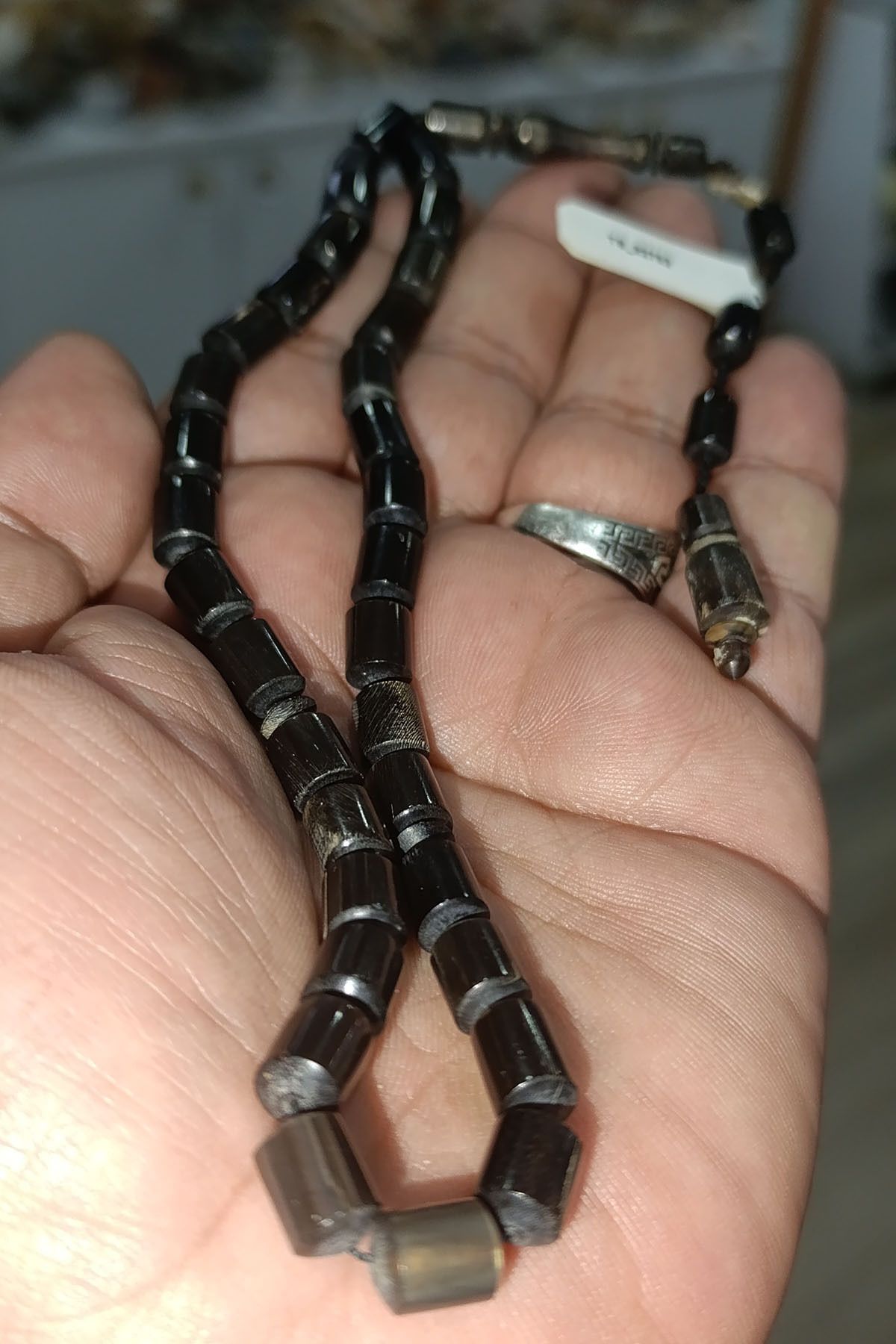 TAŞÇIZADE-Buffalo Horn 7.5 X 9.5 mm Capsule Cut Horn Rosary 1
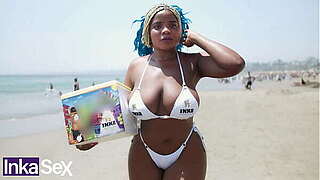 Angela colombiana &eacute_bano lalin girl de enorme culo y grandes tetas es pillada en la playa por joven blanco de pene rosado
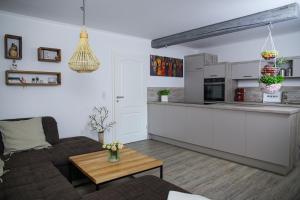 sala de estar con sofá y mesa en Ferienwohnung Julia, en Kurort Gohrisch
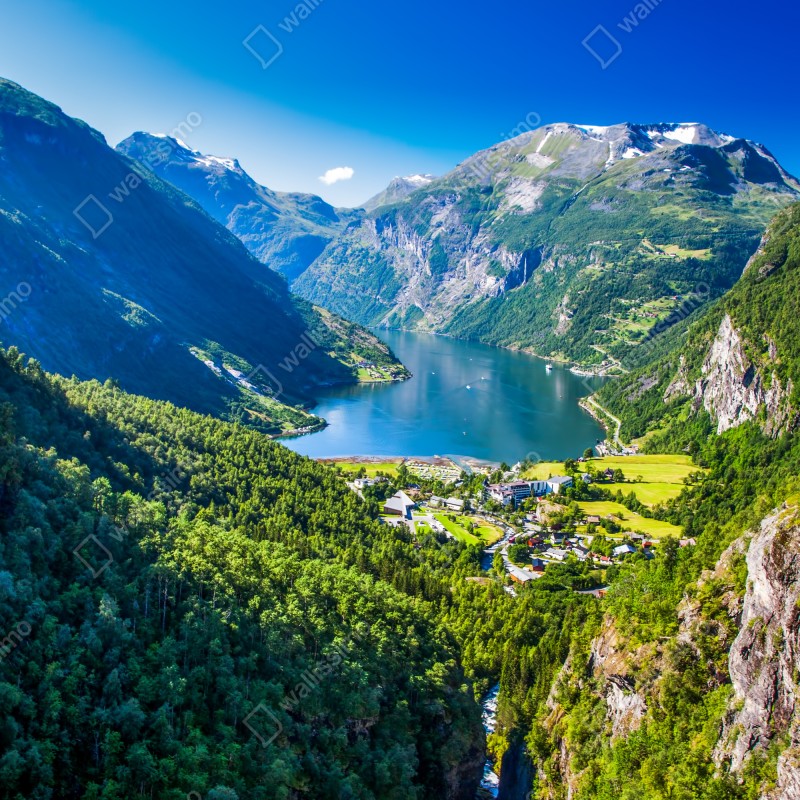 Fototapeta Geirangerfjord panorama górska – Wallissimo® Fototapeta Geirangerfjord panorama górska – Wallissimo®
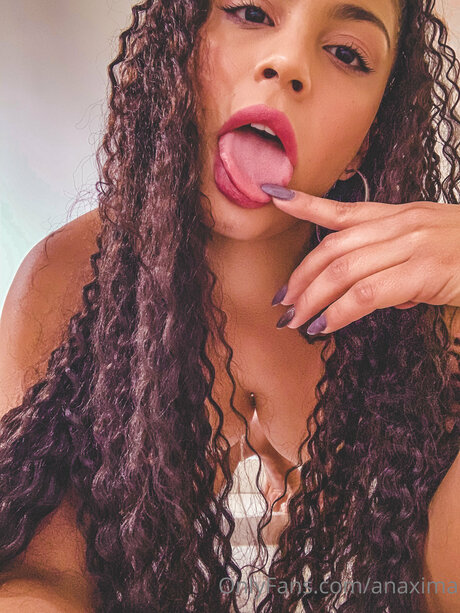 Anaxima star sexy pic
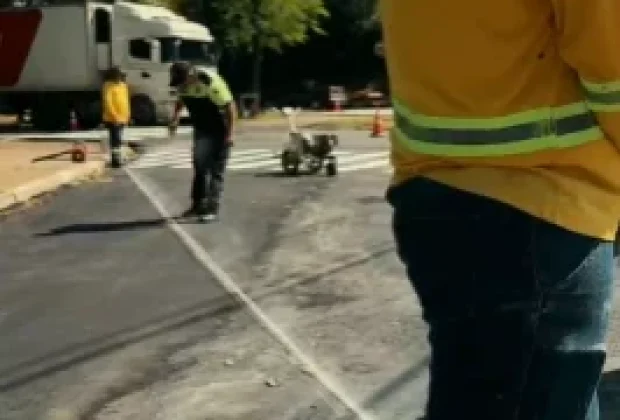 Mobilidade realiza sinalização de novas lombofaixas na Avenida Marginal em Jaguariúna
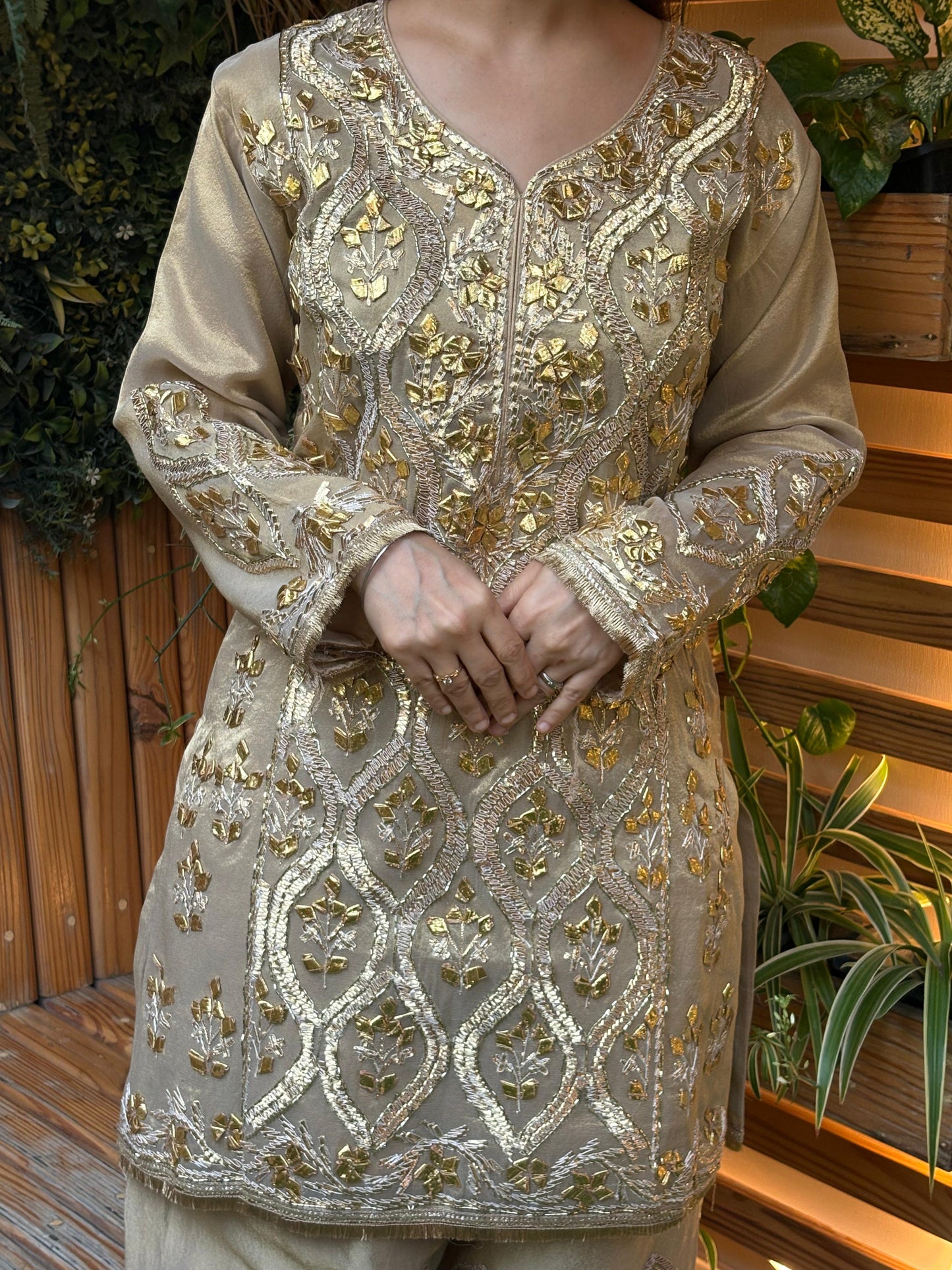 kurta set is crafted in premium shimmer organza fabric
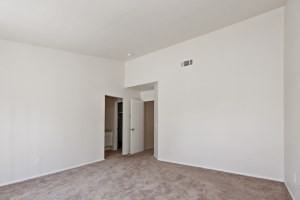 44135 17th St E, Lancaster CA - Photo 2 of 20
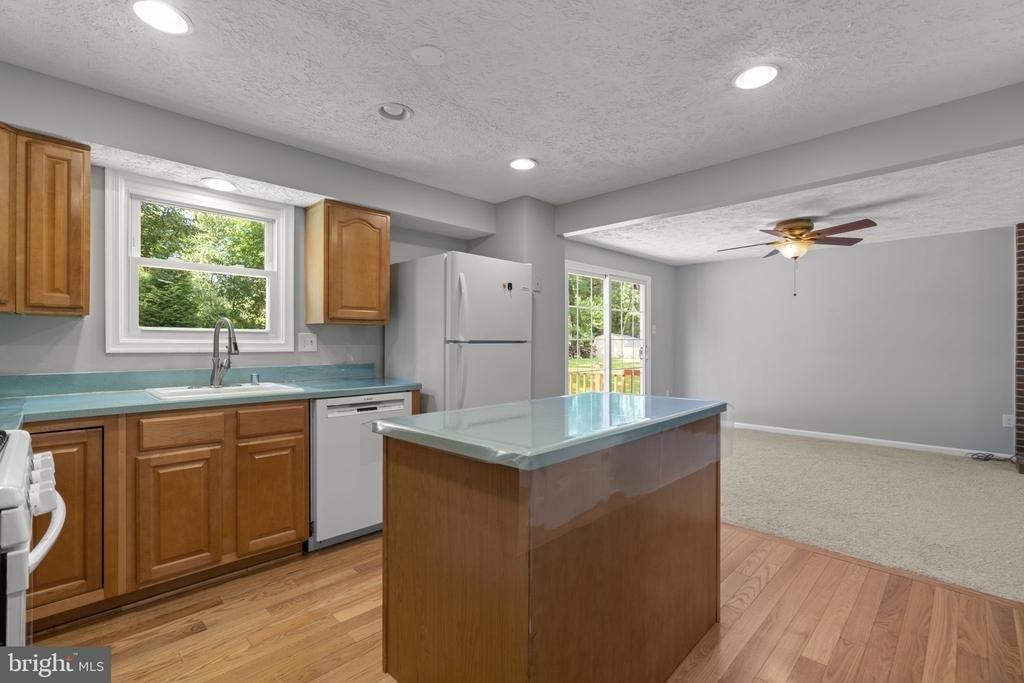 8428 Braddock Way - Photo 14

---

[Exercise] Only the lines from the one containing "Angela colombiana &eacute_bano" through the last line of the data belong in the copy, both included and reproduced exactly. Pictures do not.

[Task answer]
 Angela colombiana &eacute_bano lalin girl de enorme culo y grandes tetas es pillada en la playa por joven blanco de pene rosado
 sala de estar con sofá y mesa en Ferienwohnung Julia, en Kurort Gohrisch
 Fototapeta Geirangerfjord panorama górska – Wallissimo® Fototapeta Geirangerfjord panorama górska – Wallissimo®
 Anaxima star sexy pic
 Mobilidade realiza sinalização de novas lombofaixas na Avenida Marginal em Jaguariúna
 kurta set is crafted in premium shimmer organza fabric
 44135 17th St E, Lancaster CA - Photo 2 of 20
 8428 Braddock Way - Photo 14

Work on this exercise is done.